_Problem to work on_
Could you filter the records below and return each line that holds "Интерьер"?

* * * * *

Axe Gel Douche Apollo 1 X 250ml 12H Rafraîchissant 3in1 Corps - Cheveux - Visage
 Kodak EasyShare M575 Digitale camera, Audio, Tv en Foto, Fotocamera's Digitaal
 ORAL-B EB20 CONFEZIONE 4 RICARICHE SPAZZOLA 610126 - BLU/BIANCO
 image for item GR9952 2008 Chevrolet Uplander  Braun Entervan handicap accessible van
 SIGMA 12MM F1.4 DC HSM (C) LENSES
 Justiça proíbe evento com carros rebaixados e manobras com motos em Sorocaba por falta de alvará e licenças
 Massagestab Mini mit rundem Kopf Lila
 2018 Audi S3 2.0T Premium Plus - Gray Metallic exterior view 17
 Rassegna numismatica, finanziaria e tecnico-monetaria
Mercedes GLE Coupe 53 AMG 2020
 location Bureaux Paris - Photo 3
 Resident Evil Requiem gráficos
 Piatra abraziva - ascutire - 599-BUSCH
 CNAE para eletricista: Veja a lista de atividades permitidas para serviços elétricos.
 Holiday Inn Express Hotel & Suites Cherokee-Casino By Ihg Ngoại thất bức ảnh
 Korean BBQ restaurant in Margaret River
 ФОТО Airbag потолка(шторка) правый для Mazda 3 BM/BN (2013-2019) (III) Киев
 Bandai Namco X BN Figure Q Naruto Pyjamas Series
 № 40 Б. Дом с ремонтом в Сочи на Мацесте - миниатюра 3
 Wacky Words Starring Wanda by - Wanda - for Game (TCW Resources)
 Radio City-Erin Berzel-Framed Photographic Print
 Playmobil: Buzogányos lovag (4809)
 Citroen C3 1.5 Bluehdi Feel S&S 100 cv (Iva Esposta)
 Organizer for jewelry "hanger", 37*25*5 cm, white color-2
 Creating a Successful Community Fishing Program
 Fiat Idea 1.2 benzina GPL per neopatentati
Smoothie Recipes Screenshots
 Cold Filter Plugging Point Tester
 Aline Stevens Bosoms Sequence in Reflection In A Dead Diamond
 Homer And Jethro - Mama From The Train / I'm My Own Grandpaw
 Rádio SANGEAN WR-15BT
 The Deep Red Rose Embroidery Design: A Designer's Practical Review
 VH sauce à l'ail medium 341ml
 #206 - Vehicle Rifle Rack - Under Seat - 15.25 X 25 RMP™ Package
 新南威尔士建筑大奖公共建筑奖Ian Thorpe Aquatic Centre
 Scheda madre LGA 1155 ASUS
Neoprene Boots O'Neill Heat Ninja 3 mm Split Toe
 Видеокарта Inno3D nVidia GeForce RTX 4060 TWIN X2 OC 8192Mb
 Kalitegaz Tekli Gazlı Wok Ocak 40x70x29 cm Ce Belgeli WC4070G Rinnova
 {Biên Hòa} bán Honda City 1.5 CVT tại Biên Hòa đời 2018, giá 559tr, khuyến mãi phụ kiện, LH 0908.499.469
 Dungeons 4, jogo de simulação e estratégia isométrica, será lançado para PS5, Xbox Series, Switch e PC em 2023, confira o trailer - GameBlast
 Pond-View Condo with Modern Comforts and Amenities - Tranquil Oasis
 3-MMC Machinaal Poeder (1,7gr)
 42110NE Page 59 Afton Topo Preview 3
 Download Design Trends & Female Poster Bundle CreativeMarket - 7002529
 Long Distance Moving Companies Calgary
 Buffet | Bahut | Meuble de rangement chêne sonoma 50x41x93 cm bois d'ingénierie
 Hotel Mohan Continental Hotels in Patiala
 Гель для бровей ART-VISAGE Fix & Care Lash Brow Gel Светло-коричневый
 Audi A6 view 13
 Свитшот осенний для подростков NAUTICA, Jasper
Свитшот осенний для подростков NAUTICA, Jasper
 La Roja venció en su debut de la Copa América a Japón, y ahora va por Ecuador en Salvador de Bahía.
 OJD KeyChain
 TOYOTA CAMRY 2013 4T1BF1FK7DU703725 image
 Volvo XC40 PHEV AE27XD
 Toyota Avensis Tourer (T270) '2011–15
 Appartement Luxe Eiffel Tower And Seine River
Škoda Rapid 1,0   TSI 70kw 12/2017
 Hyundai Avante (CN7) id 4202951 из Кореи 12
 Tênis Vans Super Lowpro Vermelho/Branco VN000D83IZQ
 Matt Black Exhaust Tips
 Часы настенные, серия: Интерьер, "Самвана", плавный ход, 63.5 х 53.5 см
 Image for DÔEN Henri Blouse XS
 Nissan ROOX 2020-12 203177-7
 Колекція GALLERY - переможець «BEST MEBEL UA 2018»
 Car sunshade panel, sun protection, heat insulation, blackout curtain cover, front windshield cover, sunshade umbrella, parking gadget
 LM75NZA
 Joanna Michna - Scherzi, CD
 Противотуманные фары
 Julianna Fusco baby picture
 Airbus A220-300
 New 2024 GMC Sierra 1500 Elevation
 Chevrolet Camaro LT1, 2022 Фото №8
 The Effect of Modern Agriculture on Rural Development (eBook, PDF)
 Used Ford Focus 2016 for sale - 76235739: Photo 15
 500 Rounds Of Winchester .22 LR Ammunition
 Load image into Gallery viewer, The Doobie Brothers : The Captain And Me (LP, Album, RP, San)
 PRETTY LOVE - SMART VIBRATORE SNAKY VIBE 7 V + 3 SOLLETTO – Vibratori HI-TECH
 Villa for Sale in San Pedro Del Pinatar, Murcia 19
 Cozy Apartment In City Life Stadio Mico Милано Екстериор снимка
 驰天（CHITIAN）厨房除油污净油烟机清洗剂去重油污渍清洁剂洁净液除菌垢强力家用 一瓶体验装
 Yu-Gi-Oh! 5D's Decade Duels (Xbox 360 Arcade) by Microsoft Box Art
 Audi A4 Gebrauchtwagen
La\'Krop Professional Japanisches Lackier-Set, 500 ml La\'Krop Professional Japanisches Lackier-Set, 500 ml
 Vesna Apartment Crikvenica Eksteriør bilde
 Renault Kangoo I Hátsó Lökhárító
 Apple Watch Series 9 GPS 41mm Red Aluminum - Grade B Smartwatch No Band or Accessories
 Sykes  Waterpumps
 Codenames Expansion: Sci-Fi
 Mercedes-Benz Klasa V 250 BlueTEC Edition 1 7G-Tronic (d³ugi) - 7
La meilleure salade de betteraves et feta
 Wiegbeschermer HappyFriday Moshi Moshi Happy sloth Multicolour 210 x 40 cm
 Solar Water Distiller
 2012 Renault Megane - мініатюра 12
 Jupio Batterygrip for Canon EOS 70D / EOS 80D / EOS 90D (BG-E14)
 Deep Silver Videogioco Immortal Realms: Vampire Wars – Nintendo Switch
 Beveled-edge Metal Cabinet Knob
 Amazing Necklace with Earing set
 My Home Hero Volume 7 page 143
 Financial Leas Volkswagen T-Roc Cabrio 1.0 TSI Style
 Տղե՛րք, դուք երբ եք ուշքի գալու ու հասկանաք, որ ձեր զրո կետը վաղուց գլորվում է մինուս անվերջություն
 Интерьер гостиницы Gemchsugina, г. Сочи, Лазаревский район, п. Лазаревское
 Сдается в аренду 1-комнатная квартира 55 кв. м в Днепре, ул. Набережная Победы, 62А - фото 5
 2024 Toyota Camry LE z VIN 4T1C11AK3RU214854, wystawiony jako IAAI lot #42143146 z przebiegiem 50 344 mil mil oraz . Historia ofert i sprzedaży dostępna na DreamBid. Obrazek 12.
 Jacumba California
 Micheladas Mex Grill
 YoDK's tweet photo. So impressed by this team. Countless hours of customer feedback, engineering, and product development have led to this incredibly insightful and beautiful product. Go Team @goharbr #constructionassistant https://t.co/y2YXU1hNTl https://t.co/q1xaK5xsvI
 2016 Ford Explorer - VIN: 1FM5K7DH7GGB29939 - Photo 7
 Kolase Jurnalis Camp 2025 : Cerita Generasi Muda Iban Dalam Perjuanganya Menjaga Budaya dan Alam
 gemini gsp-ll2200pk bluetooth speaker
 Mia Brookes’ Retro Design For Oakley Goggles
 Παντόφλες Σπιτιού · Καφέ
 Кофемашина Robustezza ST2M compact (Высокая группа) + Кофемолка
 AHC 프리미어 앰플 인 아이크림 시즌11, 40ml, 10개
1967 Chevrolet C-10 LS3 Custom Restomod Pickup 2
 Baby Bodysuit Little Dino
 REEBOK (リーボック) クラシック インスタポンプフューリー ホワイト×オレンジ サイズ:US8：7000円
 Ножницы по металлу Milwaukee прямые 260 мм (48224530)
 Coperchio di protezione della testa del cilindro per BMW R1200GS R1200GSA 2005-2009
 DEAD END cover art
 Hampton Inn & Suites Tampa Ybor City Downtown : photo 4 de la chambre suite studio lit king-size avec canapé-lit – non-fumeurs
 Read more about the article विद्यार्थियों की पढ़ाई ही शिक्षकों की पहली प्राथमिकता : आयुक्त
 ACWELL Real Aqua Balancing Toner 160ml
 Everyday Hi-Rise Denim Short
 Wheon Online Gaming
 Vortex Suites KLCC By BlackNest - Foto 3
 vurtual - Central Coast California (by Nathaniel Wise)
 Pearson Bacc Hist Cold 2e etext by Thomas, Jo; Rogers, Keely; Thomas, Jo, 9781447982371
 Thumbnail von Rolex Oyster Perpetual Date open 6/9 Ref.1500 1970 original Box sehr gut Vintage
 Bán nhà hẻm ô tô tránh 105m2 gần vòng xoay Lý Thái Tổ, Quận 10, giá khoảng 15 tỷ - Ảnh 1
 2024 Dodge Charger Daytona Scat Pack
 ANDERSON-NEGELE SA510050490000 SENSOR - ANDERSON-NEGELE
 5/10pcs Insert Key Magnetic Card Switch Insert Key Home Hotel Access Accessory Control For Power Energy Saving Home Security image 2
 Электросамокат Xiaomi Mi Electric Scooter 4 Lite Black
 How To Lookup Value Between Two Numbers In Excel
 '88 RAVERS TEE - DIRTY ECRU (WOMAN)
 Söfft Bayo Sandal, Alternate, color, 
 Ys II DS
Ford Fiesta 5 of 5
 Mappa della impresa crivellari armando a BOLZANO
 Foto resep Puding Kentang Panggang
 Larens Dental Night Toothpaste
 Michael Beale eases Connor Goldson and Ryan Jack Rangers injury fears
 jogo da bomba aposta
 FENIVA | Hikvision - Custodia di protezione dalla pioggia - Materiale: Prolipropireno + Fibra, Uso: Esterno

* * * * *

_Exercise output_
 Часы настенные, серия: Интерьер, "Самвана", плавный ход, 63.5 х 53.5 см
 Интерьер гостиницы Gemchsugina, г. Сочи, Лазаревский район, п. Лазаревское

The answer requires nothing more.